START Working data

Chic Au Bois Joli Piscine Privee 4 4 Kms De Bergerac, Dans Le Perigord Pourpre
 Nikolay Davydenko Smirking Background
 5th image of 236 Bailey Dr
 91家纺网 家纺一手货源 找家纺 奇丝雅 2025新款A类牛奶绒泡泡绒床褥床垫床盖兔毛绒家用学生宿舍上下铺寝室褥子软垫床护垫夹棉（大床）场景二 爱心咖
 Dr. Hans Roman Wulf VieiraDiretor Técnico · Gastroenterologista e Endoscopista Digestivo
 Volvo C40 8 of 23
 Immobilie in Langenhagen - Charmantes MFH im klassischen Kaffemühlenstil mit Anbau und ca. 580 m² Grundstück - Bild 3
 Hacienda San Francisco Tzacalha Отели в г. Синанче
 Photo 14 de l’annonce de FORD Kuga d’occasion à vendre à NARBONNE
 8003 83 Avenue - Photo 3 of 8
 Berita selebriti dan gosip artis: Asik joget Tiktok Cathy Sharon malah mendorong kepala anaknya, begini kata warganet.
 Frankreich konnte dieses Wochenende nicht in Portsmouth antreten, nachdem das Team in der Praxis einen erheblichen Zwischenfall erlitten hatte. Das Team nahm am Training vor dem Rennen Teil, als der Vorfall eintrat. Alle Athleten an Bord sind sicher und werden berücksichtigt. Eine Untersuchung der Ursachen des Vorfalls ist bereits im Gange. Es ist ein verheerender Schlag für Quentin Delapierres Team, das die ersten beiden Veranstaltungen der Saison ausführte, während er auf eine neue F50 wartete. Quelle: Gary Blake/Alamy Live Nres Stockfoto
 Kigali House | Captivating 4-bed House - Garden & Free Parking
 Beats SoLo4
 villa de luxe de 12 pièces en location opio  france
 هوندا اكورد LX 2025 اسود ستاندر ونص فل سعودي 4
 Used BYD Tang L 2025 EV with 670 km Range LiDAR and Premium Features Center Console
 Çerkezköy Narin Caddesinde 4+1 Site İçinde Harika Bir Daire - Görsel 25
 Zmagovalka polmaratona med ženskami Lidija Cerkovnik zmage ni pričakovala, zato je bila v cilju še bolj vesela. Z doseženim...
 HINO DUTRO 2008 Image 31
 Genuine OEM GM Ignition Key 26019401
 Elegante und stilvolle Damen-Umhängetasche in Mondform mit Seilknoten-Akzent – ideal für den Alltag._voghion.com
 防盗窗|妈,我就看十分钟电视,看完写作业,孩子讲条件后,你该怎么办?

END Working data

— Assignment —
In the entries above, find the line holding "Dr. Hans Roman" and the line holding "Çerkezköy Narin Caddesinde"; print both of them and every line between, exactly, and nothing else.

— Response to the task —
 Dr. Hans Roman Wulf VieiraDiretor Técnico · Gastroenterologista e Endoscopista Digestivo
 Volvo C40 8 of 23
 Immobilie in Langenhagen - Charmantes MFH im klassischen Kaffemühlenstil mit Anbau und ca. 580 m² Grundstück - Bild 3
 Hacienda San Francisco Tzacalha Отели в г. Синанче
 Photo 14 de l’annonce de FORD Kuga d’occasion à vendre à NARBONNE
 8003 83 Avenue - Photo 3 of 8
 Berita selebriti dan gosip artis: Asik joget Tiktok Cathy Sharon malah mendorong kepala anaknya, begini kata warganet.
 Frankreich konnte dieses Wochenende nicht in Portsmouth antreten, nachdem das Team in der Praxis einen erheblichen Zwischenfall erlitten hatte. Das Team nahm am Training vor dem Rennen Teil, als der Vorfall eintrat. Alle Athleten an Bord sind sicher und werden berücksichtigt. Eine Untersuchung der Ursachen des Vorfalls ist bereits im Gange. Es ist ein verheerender Schlag für Quentin Delapierres Team, das die ersten beiden Veranstaltungen der Saison ausführte, während er auf eine neue F50 wartete. Quelle: Gary Blake/Alamy Live Nres Stockfoto
 Kigali House | Captivating 4-bed House - Garden & Free Parking
 Beats SoLo4
 villa de luxe de 12 pièces en location opio  france
 هوندا اكورد LX 2025 اسود ستاندر ونص فل سعودي 4
 Used BYD Tang L 2025 EV with 670 km Range LiDAR and Premium Features Center Console
 Çerkezköy Narin Caddesinde 4+1 Site İçinde Harika Bir Daire - Görsel 25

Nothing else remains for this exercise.